**YOUR ASSIGNMENT**
Using the listing below, set down each line from the line containing "Issue 73 Decorative -selvedge Outlet 73 7" through the line containing "Tiny photo for", both ends included, exactly and with nothing added.

**RECORDED DATA**

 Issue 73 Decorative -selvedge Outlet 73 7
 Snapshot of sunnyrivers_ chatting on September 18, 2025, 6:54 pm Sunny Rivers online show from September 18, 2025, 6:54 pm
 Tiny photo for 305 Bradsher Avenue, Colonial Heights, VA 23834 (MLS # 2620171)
* * *
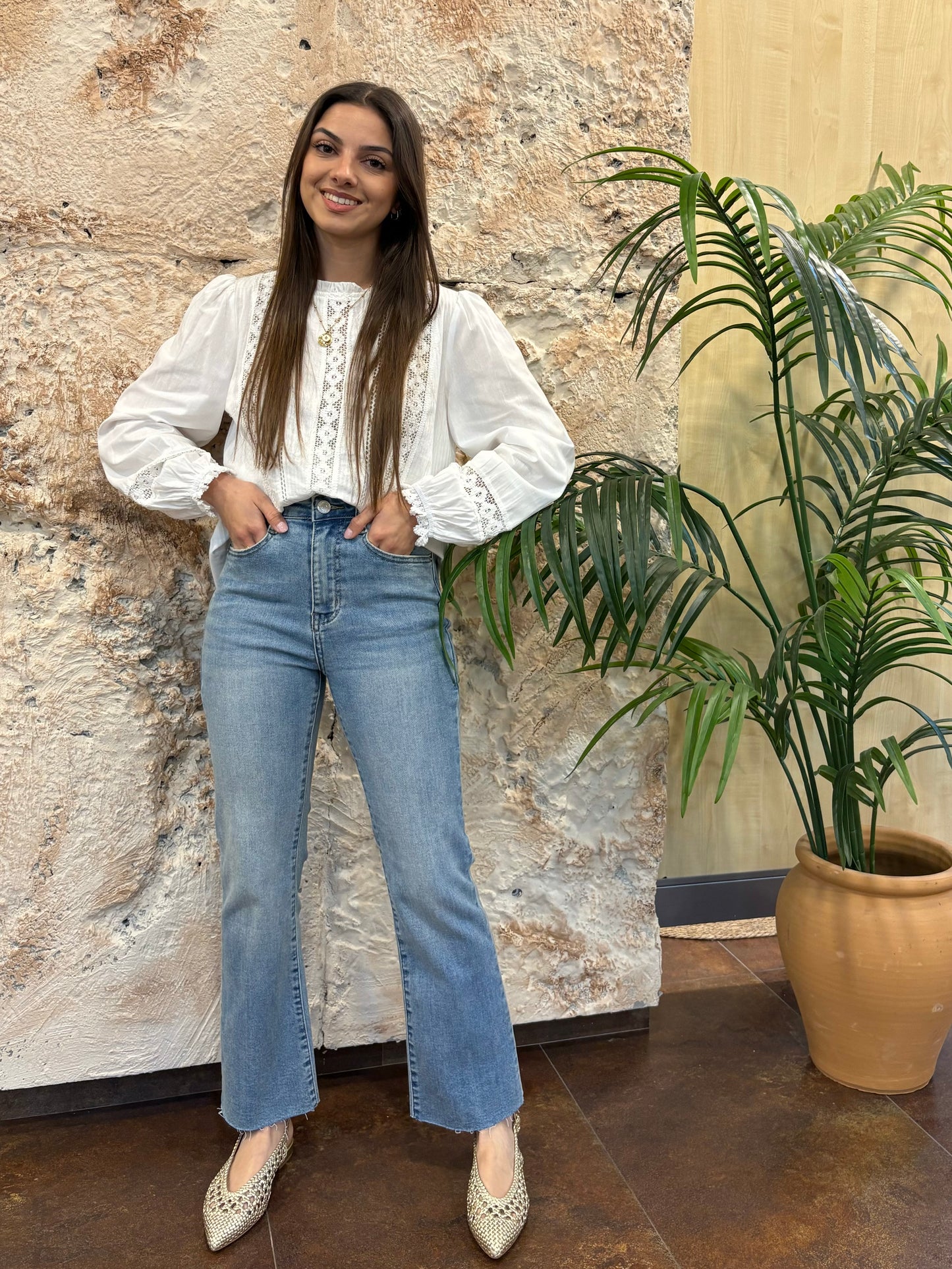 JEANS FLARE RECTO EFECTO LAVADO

**REPLY TO THE EXERCISE**
 Issue 73 Decorative -selvedge Outlet 73 7
 Snapshot of sunnyrivers_ chatting on September 18, 2025, 6:54 pm Sunny Rivers online show from September 18, 2025, 6:54 pm
 Tiny photo for 305 Bradsher Avenue, Colonial Heights, VA 23834 (MLS # 2620171)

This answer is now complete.